Patients were treated based on age, risk factors, and personal preferences, following guideline recommendations. Treatment options included definitive radiotherapy without surgery, adjuvant radiotherapy after radical prostatectomy, or salvage radiotherapy in cases of biochemical relapse post-prostatectomy. Relapse-free survival did not differ significantly among these approaches, except for adjuvant radiotherapy, which showed a tendency toward poorer relapse-free survival (Table 2). However, this difference was not statistically significant (p = 0.05) (Figure 2).
Relapses occurred 2–4 years after treatment completion in both definitive and salvage treatment groups, whereas most relapses in patients treated with adjuvant radiotherapy occurred 4–6 years after treatment.
Serum PSA levels significantly decreased during radiotherapy (median 3.2 ng/mL vs. 0.25 ng/mL; p < 0.001) (Figure 3). PSA was undetectable (<0.1 ng/mL) in 4% of patients prior to radiotherapy, while 35% of patients had undetectable PSA post-radiotherapy, indicating a positive therapy response.
However, there was no significant difference in PSA levels before or after radiotherapy between patients who later experienced relapse and those who remained in remission. PSA levels after radiotherapy were even lower in patients who experienced relapse. This suggests that PSA levels, either before or after radiotherapy, did not predict whether a relapse would occur.

2.2. CETC/CTC Numbers

2.2.1. Before Radiotherapy, with and Without Surgery, and in Relation to Endocrine Therapy

Viable CETC/CTC were detected in 50 of 52 patients, either before or after RT (detection rate: 96%). Prior to RT, CETC/CTC were detected in 98% of patients (median 13 CETC/CTC/100 µL cell suspension). At midterm of RT, 82% of patients showed detectable CETC/CTC (median 8 CETC/CTC/100 µL cell suspension), and at the end of RT, 94% had detectable CETC/CTC (median 12 CETC/CTC/100 µL cell suspension). Tumor cell numbers ranged from 1 to 210 CETC/CTC per 100 µL of cell suspension. These findings suggest that tumor cells were released into the peripheral blood in almost all patients with early-stage prostate cancer.
Patients who underwent radical prostatectomy had significantly more CETC/CTC than those who did not undergo surgery (median 22 vs. median 8.5; p = 0.018) (Figure 4A).
Furthermore, patients who received endocrine therapy prior to radiotherapy had significantly fewer CETC/CTC compared to those who did not receive endocrine therapy (median 7 vs. median 20; p = 0.03) (Figure 4B).

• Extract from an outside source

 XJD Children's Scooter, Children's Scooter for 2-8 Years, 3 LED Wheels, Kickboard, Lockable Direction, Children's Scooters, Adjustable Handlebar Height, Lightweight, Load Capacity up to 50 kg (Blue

2.2.2. CETC/CTC Number During Radiotherapy

Although radiotherapy is applied locally to eliminate residual tumor cells after surgery or to treat patients who are ineligible for or unwilling to undergo surgery, changes in circulating tumor cell numbers were observed during treatment. The cell count trajectory was evaluated separately for different clinical scenarios (adjuvant, definitive, and salvage RT).
CETC/CTC Numbers in Patients Undergoing Adjuvant Radiotherapy
Twelve patients received radiotherapy after surgery due to adverse risk factors, with tumor cell counts available for 10 of them. These patients had the highest pre-radiotherapy CETC/CTC counts. During radiotherapy, CETC/CTC numbers decreased in 8 out of 10 (80%) (Median 22 vs. 9; p = 0.005) (Figure 5A), with the most pronounced decline occurring at midterm. However, in 2 out of 10 patients (20%), CETC/CTC counts increased more than two-fold from midterm to the end of radiotherapy (Figure 5B).
CETC/CTC Numbers in Patients Undergoing Definitive Radiotherapy
The largest cohort in our study consisted of 29 patients who received definitive radiotherapy. Tumor cell counts were available for 27 of these patients. Unlike in the postoperative group, no similarly pronounced decrease in CETC/CTC numbers was observed in patients who did not undergo surgery (median 12 before vs. 13 after p = ns). By the end of radiotherapy, 19 out of 27 patients (70%) showed a reduction in tumor cell numbers (Figure 6A). However, in 8 out of 27 patients (30%); CETC/CTC counts increased from midterm to the end of radiotherapy (Figure 6B).
CETC/CTC Numbers in Patients Undergoing Salvage Radiotherapy
Among the 11 patients who received salvage radiotherapy, 10 exhibited a decrease in CETC/CTC numbers by the end of treatment, while only one showed an increase (Figure 7).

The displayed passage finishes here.